If the conditions of the problem given a regular parallelepiped, in which all faces are different, the cross section can be a square and a rectangle with different sides. The cross section drawn parallel to the two square faces is a square, and the cross section drawn parallel to two rectangular - rectangle. If the section passes through the diagonal of the parallelepiped, it is also a rectangle.

4

The area of the square

**cross-section**parallelepiped can be found using the same formula as for a**cross-section**of the cube. If the cross section of the parallelepiped is a rectangle, find it, knowing two parameters, the length and width of the two rectangular faces:S=a*b, where a is the edge length, b -width of the verge.Diagonal cross section of a parallelepiped find by multiplying the diagonal of the bottom base to the height of the parallelepiped:S=d*h where d is the diagonal of the base, h is the height of the base.5

Cone - one of the figures of rotation,

**the cross section**of which can have different form.
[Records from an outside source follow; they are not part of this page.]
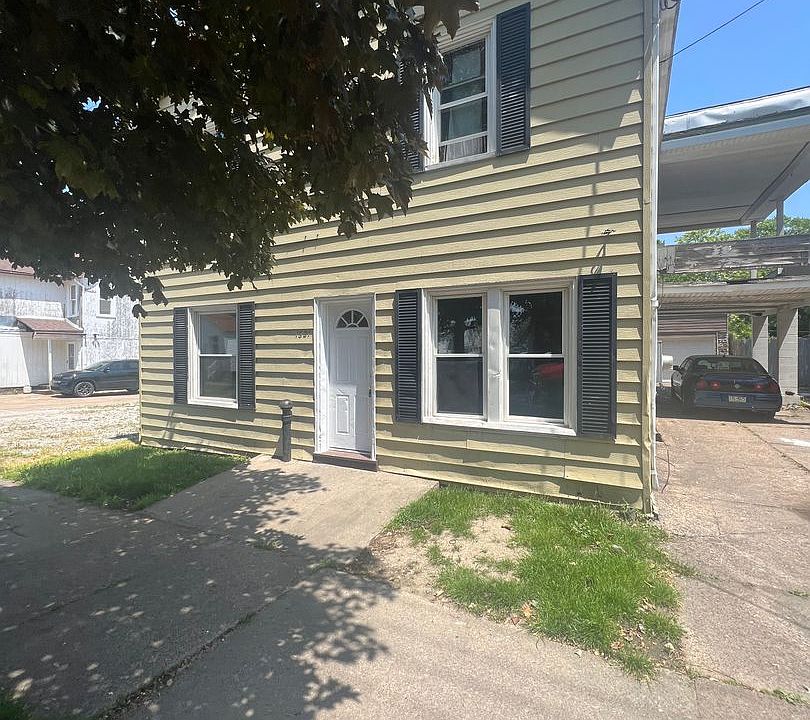 1st image of 1621 Plum St #1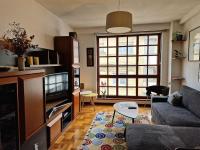 Instituto 28 - B&B Gijón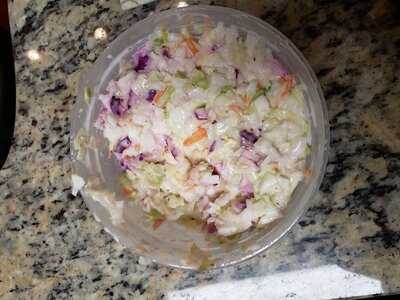 Willie Jewels Old School Bar-b-q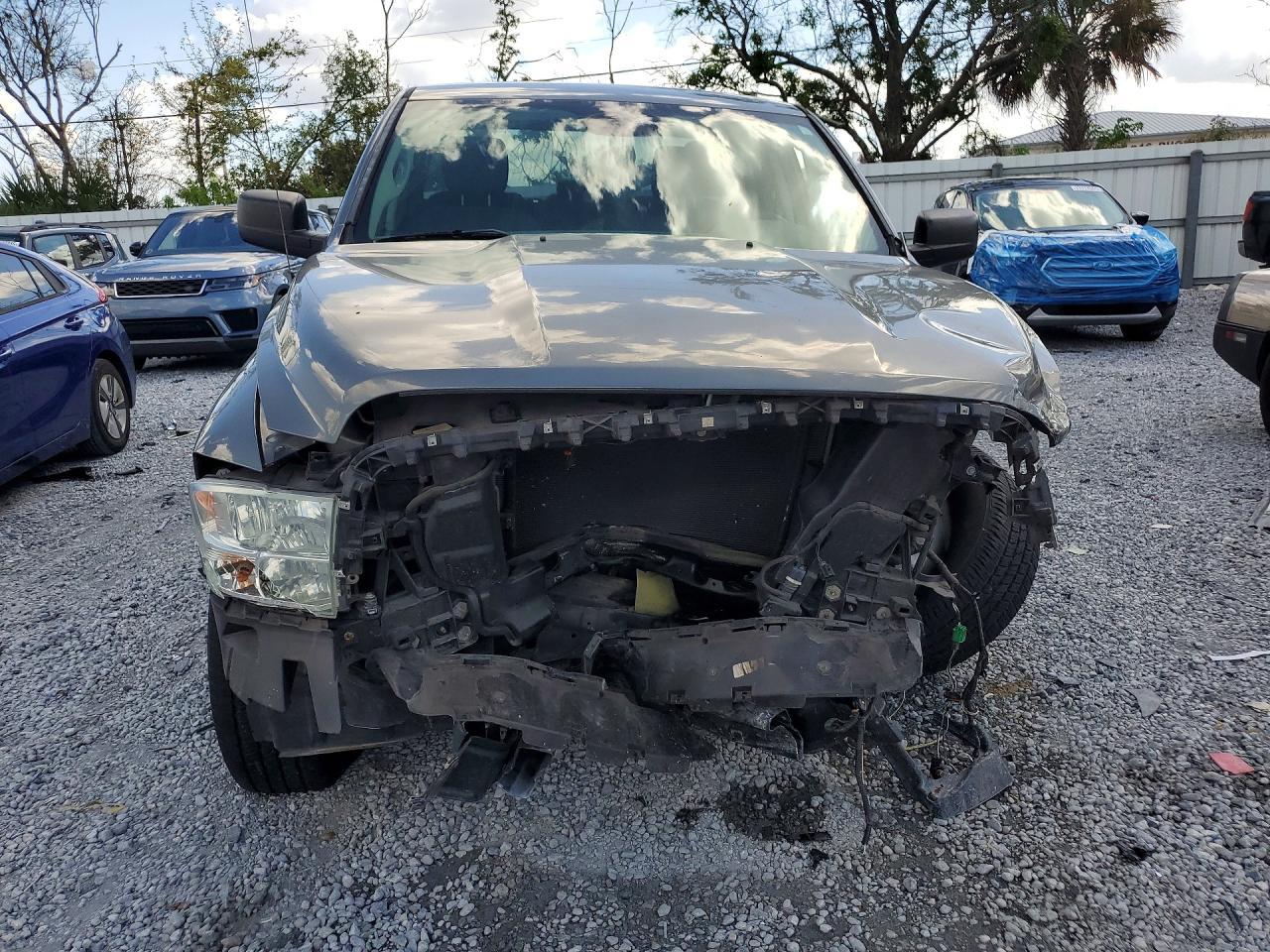 2013 Dodge RAM 1500 ST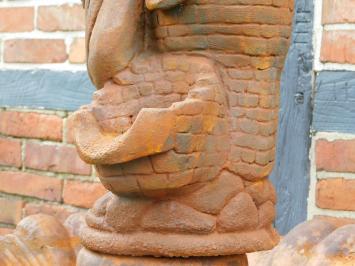 Exklusiver Steinbrunnen mit Frau - Stein in Oxid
If you cut the cone parallel to the lower base section is a circle and if we draw a parallel section in half through the top of the cone, you get a triangle. In other cases,**section**mi will be a trapezoidal shape.If the cross section is a circle, calculate its**area**according to the following formula:S=NR^2.Square**cross-section**, which is a triangle is equal to the product of half the base to the height:S=1/2f*h , where f is the base of the triangle, h is the height of the triangle.